When most people think of privilege in a social context, they’re thinking of special advantage. In truth, privilege is either an advantage or lack of barrier that only a specific group gets. Privilege is not limited by demographics, as items like being raised in a loving home are also considered.
Every society has a default type of people that built it. Typically, this type carried through the legal system and social norms throughout the history of that society. This is how most privilege develops, and particularly how demographic privilege did.
Let’s look at the U.S. as an example. The Constitution, which creates the other aspects of government, was signed in 1787. It was written by white men, many of whom occupied prominent positions in society (SFA plug, there’s a whole college devoted to this!). As such, the document that created the U.S. as we know it was based on their worldviews.

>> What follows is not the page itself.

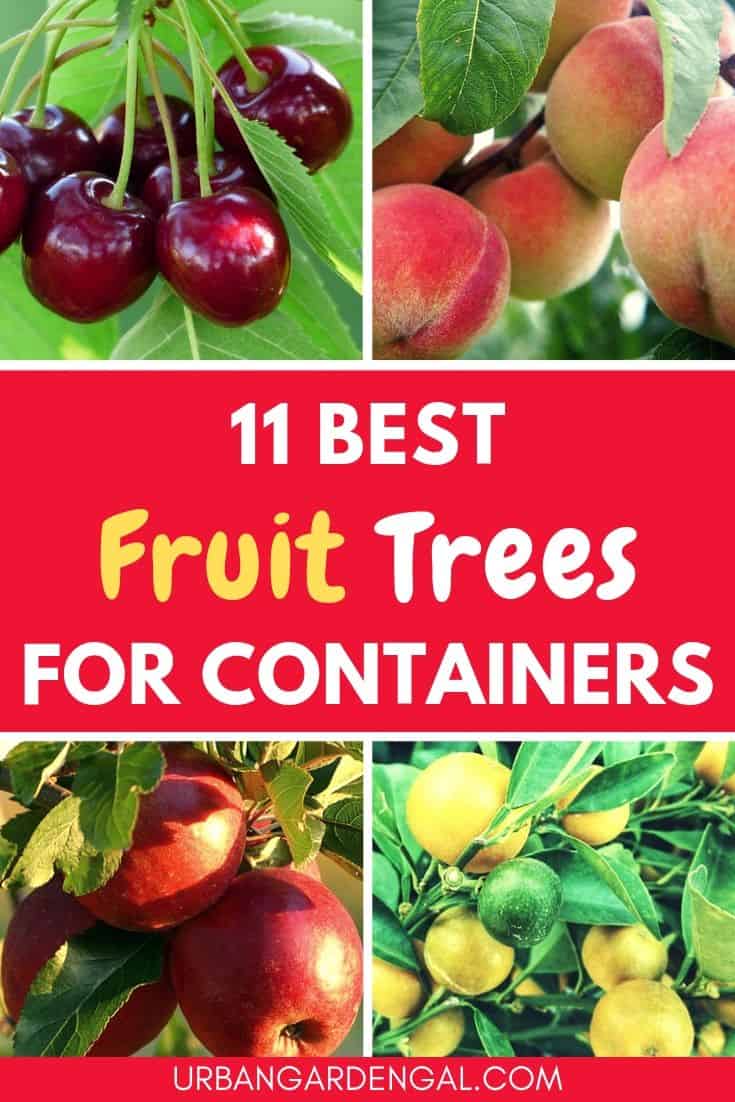 Best fruit trees for containers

While there were changes to the document over time, the prime pieces wound their way into the social order and still influence it today. For example, Christian was the preferred religion in the States at the time, even though the same people who wrote the Constitution wrote the 1st Amendment protecting religious freedom. Items like that persisted in how society arranged itself.
Fast forward to today, and these factors are still influential. A Harvard study found that the belief persists that men are better at certain tasks than women. Ethnic-sounding names still receive fewer interviews in the U.S. when submitted with identical resumes. Those old ideas are still influential, and people may not even realize they’re holding them (subconscious bias).
It comes back to privilege and how privilege may be as subtle as a first name passed through your family not being an obstacle to overcome to get a job interview. Equality and equitability do not have winners and losers. Instead, we can all help create change by recognizing our privileges
Let’s be the change STARFLEET.
Yep, in a nutshell. If there are no societal limits on what you can do? You might just be privileged and probably don’t even realize it.
Provided in our Discord discussions – and it belongs here.
https://www.youtube.com/watch?v=4K5fbQ1-zps
We all run our own race, and deal with our starting positions – but don’t think that factors that have nothing to do with you as an individual helped determine that position.